Cancer Progress Still Depends on Your Postcode

AACR’s new Cancer Disparities Progress Report shows genuine gains in the United States. It also shows why no cancer breakthrough can be called progress while rural communities, persistent-poverty counties and underserved populations are still left behind.

July 1, 2026
Editorial
A cancer breakthrough means little when geography still decides who reaches screening, diagnosis, trials and treatment.[Bilanol] / Shutterstock.com

IPM Take

Cancer mortality has fallen. That is real progress.

But the report’s harder message is that progress is still distributed unevenly. Where people live, how much they earn, whether they have a usual source of care, and whether a clinical trial exists within reach can still shape their chance of early diagnosis, treatment and survival.

Precision medicine is not precise if geography decides who gets it.

Executive Summary

The American Association for Cancer Research released its Cancer Disparities Progress Report 2026. The report documents major national gains, including a 35% fall in the overall United States cancer death rate since 1991 and a narrowing gap in overall cancer mortality between Black and White populations.

It also identifies persistent inequities. Residents of rural counties are 17% more likely to be diagnosed with colorectal cancer and 27% more likely to die from it than people in metropolitan or urban counties. Cervical cancer mortality is 49% higher among women living in persistent-poverty counties than among women elsewhere. More than 70% of United States counties had no active cancer clinical trials in 2022.

Why it matters

  • Patients / advocates: Cancer outcomes should not depend on whether someone lives near a specialist centre, has transport, or can afford follow-up care.
  • Public authorities: Screening, referral and clinical-trial access need to be treated as regional infrastructure, not optional services.
  • Hospitals / providers: Cancer centres have a role beyond their own walls, including outreach, referral networks and support for rural care.
  • Policymakers: Equity needs measurable targets, protected data systems and long-term funding, not only public commitments.

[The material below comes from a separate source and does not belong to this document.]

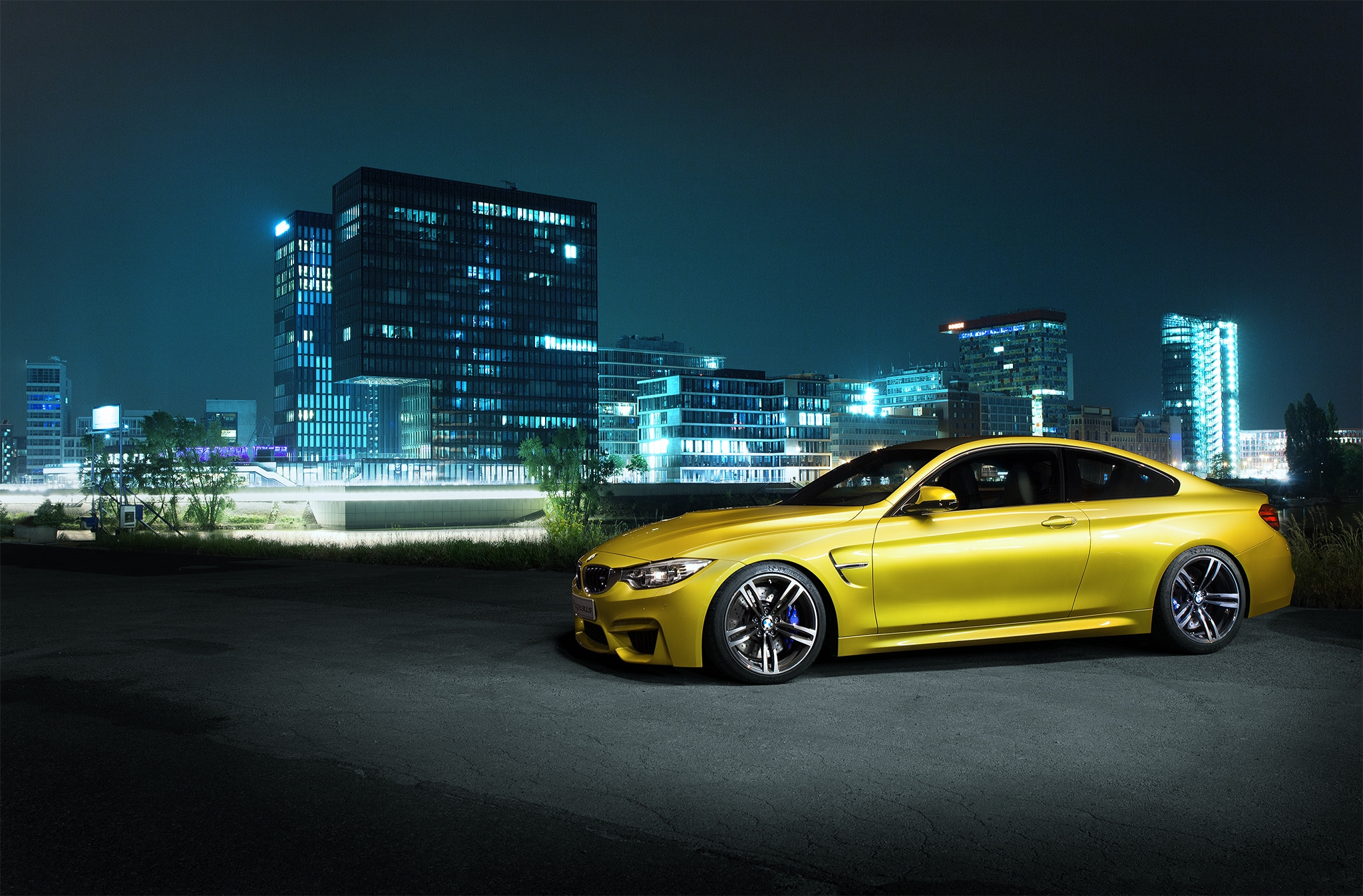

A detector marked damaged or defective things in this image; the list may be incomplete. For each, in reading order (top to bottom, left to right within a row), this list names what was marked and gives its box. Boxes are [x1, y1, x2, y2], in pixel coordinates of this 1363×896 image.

cracked asphalt [0, 541, 1357, 887]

Cancer progress is often presented as a national average.

That is exactly how the gaps disappear.

AACR’s new disparities report shows that the United States has made real gains. Overall cancer mortality has fallen substantially since 1991. Mortality gaps between Black and White populations have narrowed. Some disparities in lung, cervical and stomach cancer outcomes have improved.

Those are achievements worth defending.

But the report also shows what averages conceal. A person living in a rural county is still more likely to be diagnosed with colorectal cancer and more likely to die from it. A woman living in a persistent-poverty county still faces a markedly higher risk of dying from cervical cancer. In 2022, most United States counties had no active cancer clinical trials at all.

This is not only a question of individual behaviour or personal resilience. It is a question of infrastructure: screening availability, primary care access, transport, specialist referral, trial networks, data collection, insurance coverage and trust.

The human consequence is simple. A cancer breakthrough means less when the patient cannot reach the screening programme, the pathology lab, the trial site or the treatment centre.

For IPM, this is the access test that sits beneath every precision-medicine promise. The right treatment is not enough. The right patient must be able to reach it, wherever they live.